• Task brief
Your answer should repeat exactly the lines from the one holding "The other option" through the end of the data, and it should contain no pictures.
• • • • •
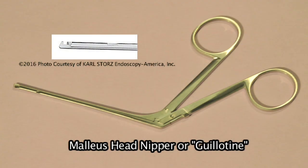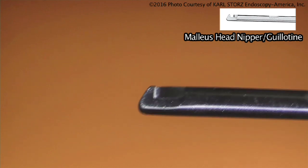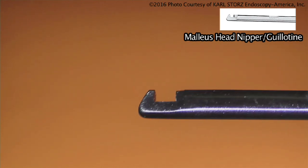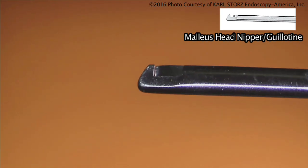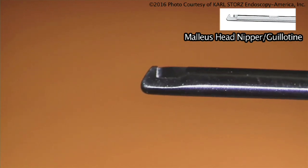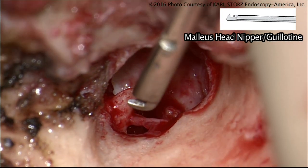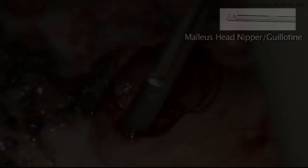The House-Dieter Malleus Nipper is used in cases where you want to amputate the malleus head. You place this beneath the neck of the malleus and close it. It's a fairly robust and sturdy instrument that will fracture the head of the malleus at the neck.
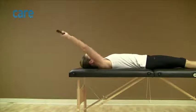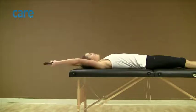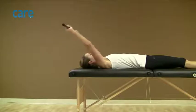Reach as far as you can go in a pain-free range, and then slowly return to the starting position.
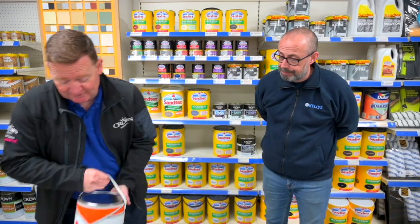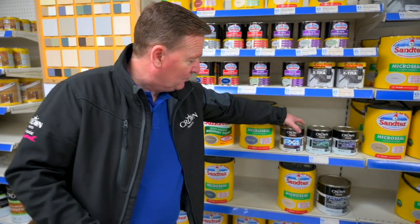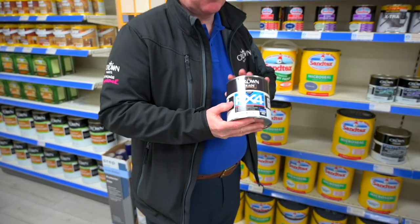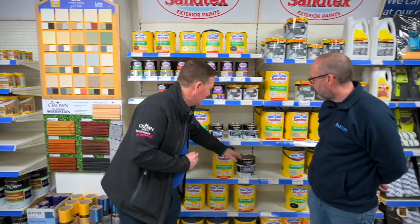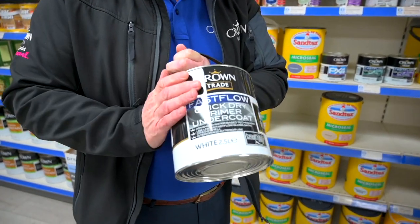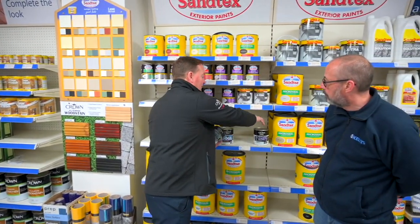The other option you have is this one. You can prime it — once you've prepared it the way I've described. You can put a coat of PX4 primer onto it. This is a water-based primer — a fabulous multi-surface primer for more or less anything. One coat of that, and then use our Fast Flow system. So you've got our Crown Trade Fast Flow Quick Dry primer undercoat — again a coat of that.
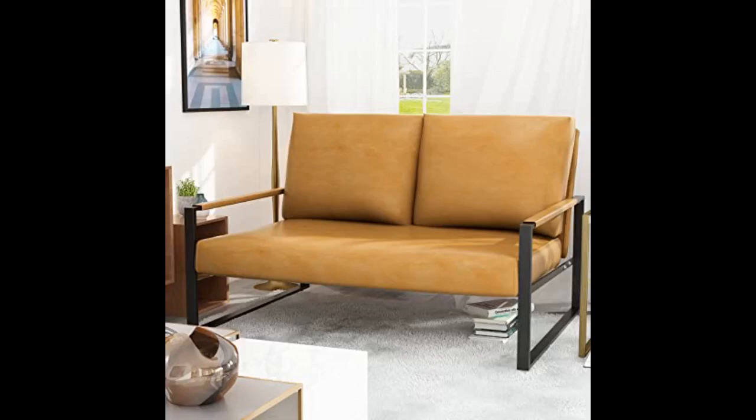Excellent in every way. Looks exactly as pictured and fits my space perfectly. This sofa is actually a lot more comfortable than it looks.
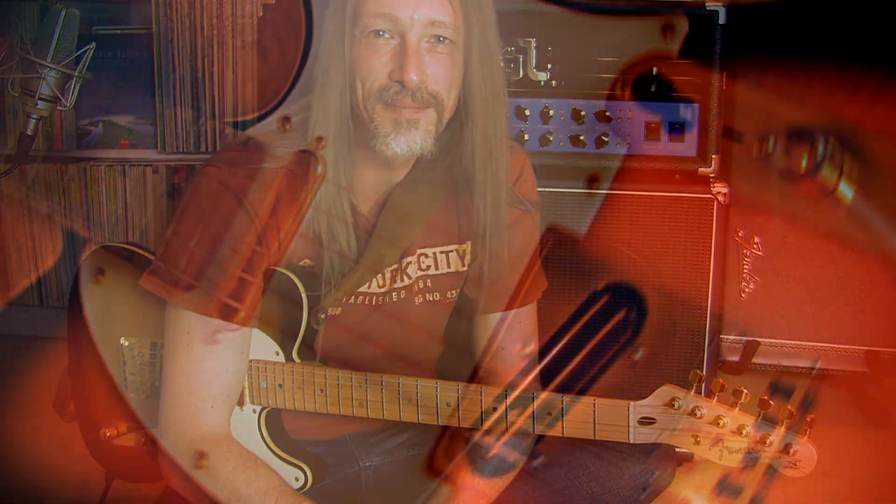Vibrato is not the most fancy thing to practice, like shredding licks or something like that. But it's absolutely necessary to bring beauty into your music, so take that seriously — that's my recommendation. This was it for today. I hope you liked it. Please like and subscribe, and I'm looking forward to seeing you next time.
• • • • •
• Completed task
The other option you have is this one. You can prime it — once you've prepared it the way I've described. You can put a coat of PX4 primer onto it. This is a water-based primer — a fabulous multi-surface primer for more or less anything. One coat of that, and then use our Fast Flow system. So you've got our Crown Trade Fast Flow Quick Dry primer undercoat — again a coat of that.
Excellent in every way. Looks exactly as pictured and fits my space perfectly. This sofa is actually a lot more comfortable than it looks.
Vibrato is not the most fancy thing to practice, like shredding licks or something like that. But it's absolutely necessary to bring beauty into your music, so take that seriously — that's my recommendation. This was it for today. I hope you liked it. Please like and subscribe, and I'm looking forward to seeing you next time.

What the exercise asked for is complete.